_What the task asks_:
Scan the lines below for the word "Natural". Copy each line you find it in.

(Recorded data)
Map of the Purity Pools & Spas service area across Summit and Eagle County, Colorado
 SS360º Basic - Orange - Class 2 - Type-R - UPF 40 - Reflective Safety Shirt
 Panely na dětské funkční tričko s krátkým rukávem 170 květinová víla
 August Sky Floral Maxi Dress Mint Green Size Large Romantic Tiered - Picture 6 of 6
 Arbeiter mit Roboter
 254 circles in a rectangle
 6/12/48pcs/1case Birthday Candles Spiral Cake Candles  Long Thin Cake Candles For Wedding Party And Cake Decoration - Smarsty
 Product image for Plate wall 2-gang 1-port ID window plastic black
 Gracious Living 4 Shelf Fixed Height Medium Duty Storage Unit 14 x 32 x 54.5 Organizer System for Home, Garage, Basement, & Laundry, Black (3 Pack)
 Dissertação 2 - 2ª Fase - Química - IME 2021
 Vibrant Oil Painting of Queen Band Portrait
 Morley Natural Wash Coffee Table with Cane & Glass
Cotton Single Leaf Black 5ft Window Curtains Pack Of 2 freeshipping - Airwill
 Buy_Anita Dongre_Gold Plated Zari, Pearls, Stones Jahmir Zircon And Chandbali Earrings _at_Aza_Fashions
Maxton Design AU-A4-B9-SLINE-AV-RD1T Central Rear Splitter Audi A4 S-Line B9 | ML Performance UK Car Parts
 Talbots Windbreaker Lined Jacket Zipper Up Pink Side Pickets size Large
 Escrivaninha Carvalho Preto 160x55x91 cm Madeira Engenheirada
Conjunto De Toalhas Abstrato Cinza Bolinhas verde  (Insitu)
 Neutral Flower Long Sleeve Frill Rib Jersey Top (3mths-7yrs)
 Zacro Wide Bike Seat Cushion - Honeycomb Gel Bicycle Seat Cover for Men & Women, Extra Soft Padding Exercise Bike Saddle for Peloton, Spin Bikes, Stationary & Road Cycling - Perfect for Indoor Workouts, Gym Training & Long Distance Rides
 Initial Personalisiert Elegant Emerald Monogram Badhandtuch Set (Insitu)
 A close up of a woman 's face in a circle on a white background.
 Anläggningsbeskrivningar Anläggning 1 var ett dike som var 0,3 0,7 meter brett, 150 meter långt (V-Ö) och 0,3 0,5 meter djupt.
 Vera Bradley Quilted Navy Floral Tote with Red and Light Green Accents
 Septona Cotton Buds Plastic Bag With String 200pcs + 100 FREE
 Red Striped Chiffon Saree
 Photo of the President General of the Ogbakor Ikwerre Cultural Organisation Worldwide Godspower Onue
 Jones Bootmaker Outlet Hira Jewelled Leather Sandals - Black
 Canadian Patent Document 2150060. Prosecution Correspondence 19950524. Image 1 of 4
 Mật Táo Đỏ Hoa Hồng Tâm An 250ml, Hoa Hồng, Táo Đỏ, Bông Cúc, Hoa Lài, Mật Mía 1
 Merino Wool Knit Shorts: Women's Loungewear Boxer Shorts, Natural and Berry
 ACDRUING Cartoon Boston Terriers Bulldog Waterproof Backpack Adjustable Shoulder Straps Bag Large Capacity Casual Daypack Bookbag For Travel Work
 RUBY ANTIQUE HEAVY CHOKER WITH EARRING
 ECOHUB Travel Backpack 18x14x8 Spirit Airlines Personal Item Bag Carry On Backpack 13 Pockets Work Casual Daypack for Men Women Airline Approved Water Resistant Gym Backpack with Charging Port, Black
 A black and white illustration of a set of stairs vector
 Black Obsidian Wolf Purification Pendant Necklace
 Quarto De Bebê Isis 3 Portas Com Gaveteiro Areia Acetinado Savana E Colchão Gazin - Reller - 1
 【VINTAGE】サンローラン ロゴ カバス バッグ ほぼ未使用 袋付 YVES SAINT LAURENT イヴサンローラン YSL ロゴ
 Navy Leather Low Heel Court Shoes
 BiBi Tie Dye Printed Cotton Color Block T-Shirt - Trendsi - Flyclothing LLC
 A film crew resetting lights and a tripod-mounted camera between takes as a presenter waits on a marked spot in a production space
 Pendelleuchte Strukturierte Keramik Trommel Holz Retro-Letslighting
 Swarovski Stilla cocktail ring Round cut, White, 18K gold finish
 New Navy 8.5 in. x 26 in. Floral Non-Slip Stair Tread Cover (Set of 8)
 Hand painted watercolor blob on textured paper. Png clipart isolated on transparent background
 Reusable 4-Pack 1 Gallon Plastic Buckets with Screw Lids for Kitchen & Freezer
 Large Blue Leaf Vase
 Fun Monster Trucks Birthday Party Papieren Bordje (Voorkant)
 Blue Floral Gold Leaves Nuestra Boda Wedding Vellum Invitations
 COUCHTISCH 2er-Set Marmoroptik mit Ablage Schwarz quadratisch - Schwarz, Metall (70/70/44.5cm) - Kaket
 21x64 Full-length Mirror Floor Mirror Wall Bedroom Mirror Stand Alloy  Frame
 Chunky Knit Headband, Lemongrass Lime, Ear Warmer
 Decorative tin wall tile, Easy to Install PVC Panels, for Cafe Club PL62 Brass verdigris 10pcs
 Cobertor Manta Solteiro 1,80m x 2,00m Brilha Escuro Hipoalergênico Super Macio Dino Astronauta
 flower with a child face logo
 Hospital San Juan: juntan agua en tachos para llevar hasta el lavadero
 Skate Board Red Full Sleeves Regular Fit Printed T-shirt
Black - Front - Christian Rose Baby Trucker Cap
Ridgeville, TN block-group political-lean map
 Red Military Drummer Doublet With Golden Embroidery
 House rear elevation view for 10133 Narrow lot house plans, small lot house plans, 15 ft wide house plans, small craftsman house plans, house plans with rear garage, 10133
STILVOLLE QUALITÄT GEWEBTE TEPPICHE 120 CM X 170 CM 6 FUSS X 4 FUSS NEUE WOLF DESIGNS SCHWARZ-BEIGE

_Completed exercise_:
 Morley Natural Wash Coffee Table with Cane & Glass
 Merino Wool Knit Shorts: Women's Loungewear Boxer Shorts, Natural and Berry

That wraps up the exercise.